● **EXERCISE PROMPT**:
For this exercise, return all the data word for word, with images left out.

● **DATA EXTRACT**:

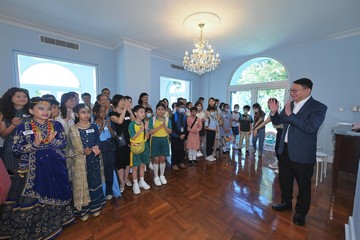 政务司司长兼儿童事务委员会主席陈国基今日（九月二十三日）在官邸举行以和谐和文化共融为主题的委员会「童行有你」持份者交流活动，与约40名小学生互动交流，并同庆中秋。图示陈国基（右一）欢迎学生到访官邸。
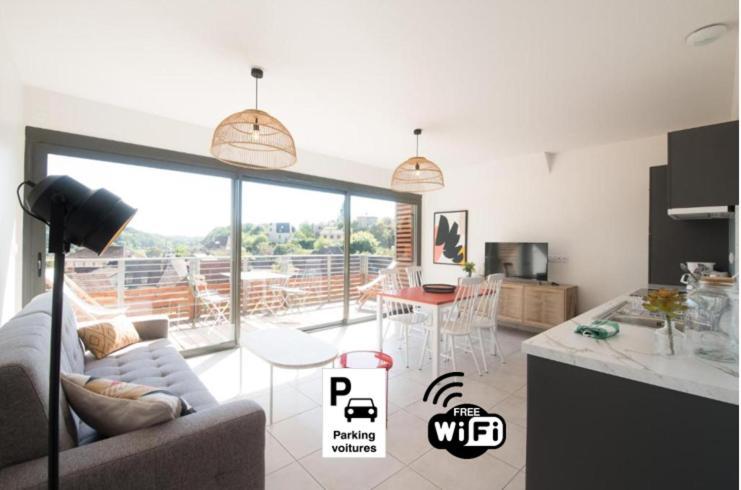 "Le Soleil Levant" Avec Balcon Et Parking Prive, 2 Adultes Et 1 Enfant ซาร์ลา-ลา-กาเนดา ภายนอก รูปภาพ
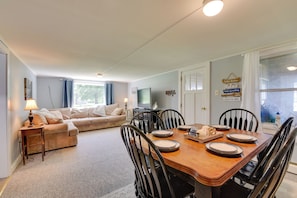 Dining Area | Dishes & Flatware Provided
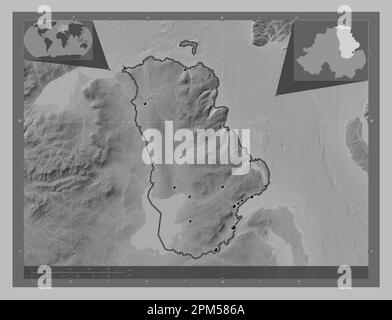 Antrim, Region Nordirland. Grauskala-Höhenkarte mit Seen und Flüssen. Standorte der wichtigsten Städte der Region. Lage der Zusatzgeräte an der Ecke Stockfoto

● **EXERCISE RESULT**:
 政务司司长兼儿童事务委员会主席陈国基今日（九月二十三日）在官邸举行以和谐和文化共融为主题的委员会「童行有你」持份者交流活动，与约40名小学生互动交流，并同庆中秋。图示陈国基（右一）欢迎学生到访官邸。
 "Le Soleil Levant" Avec Balcon Et Parking Prive, 2 Adultes Et 1 Enfant ซาร์ลา-ลา-กาเนดา ภายนอก รูปภาพ
 Dining Area | Dishes & Flatware Provided
 Antrim, Region Nordirland. Grauskala-Höhenkarte mit Seen und Flüssen. Standorte der wichtigsten Städte der Region. Lage der Zusatzgeräte an der Ecke Stockfoto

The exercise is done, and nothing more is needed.